§ Your objective:
Under this line are records; the part from the line containing "Lukas | Stylische" through the line containing "Koronis Bordlampe 43" should be repeated exactly. Please exclude pictures.

§ Stored data:

^^^^

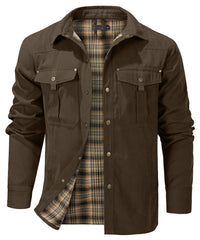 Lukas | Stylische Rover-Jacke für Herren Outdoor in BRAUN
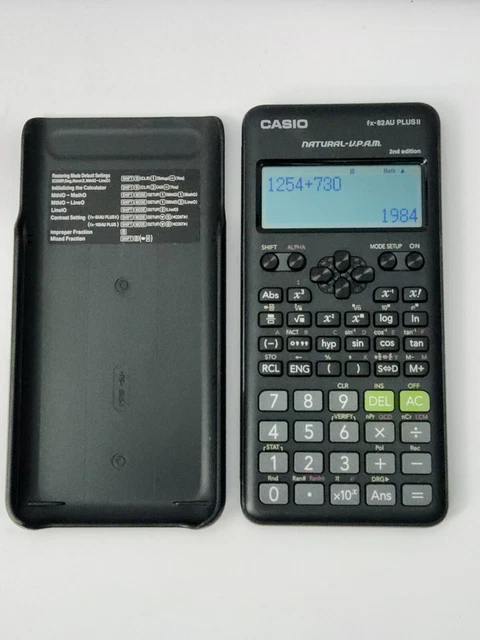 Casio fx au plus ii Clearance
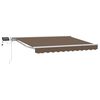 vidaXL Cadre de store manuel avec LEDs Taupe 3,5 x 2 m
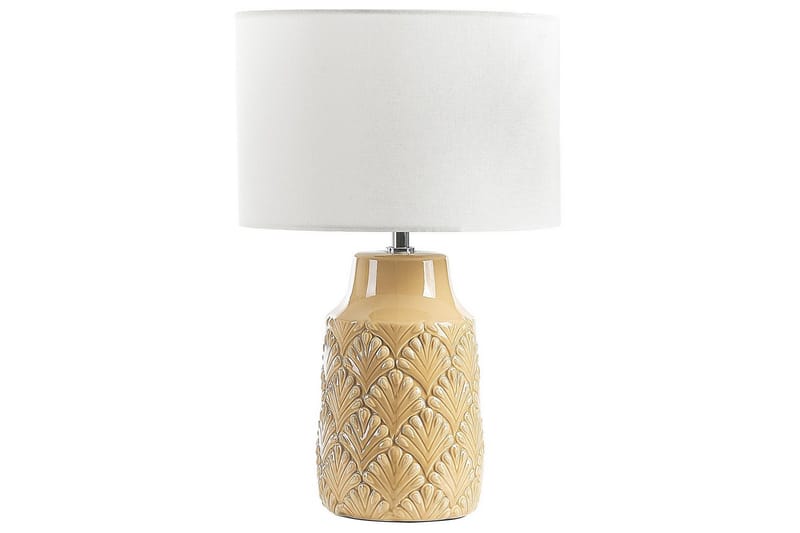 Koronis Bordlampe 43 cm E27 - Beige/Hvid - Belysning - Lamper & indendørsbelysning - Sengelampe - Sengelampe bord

^^^^

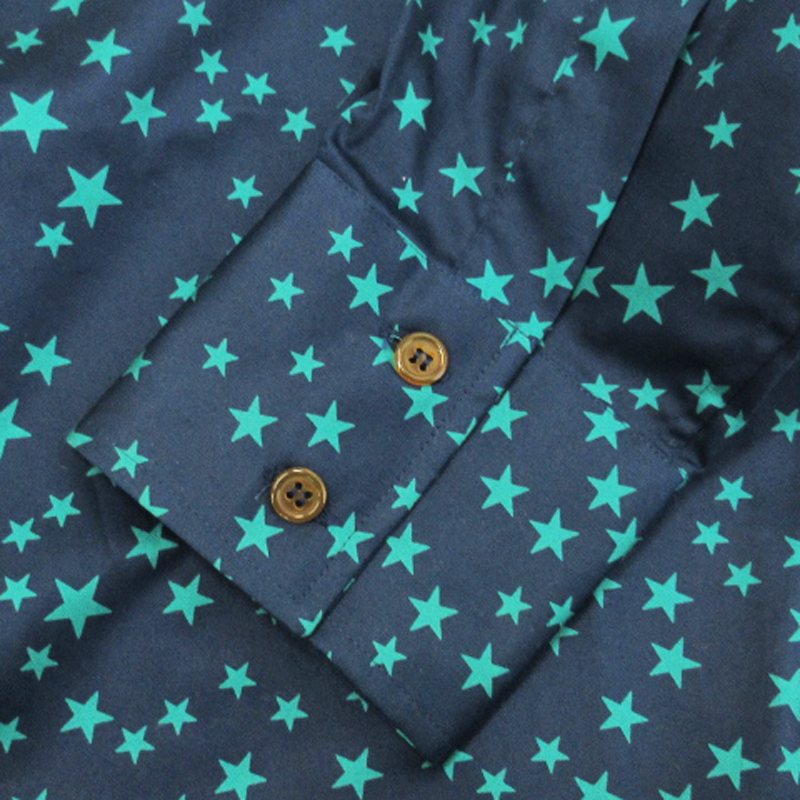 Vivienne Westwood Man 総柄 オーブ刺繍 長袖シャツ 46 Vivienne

^^^^

§ Reply to the exercise:
 Lukas | Stylische Rover-Jacke für Herren Outdoor in BRAUN
 Casio fx au plus ii Clearance
 vidaXL Cadre de store manuel avec LEDs Taupe 3,5 x 2 m
 Koronis Bordlampe 43 cm E27 - Beige/Hvid - Belysning - Lamper & indendørsbelysning - Sengelampe - Sengelampe bord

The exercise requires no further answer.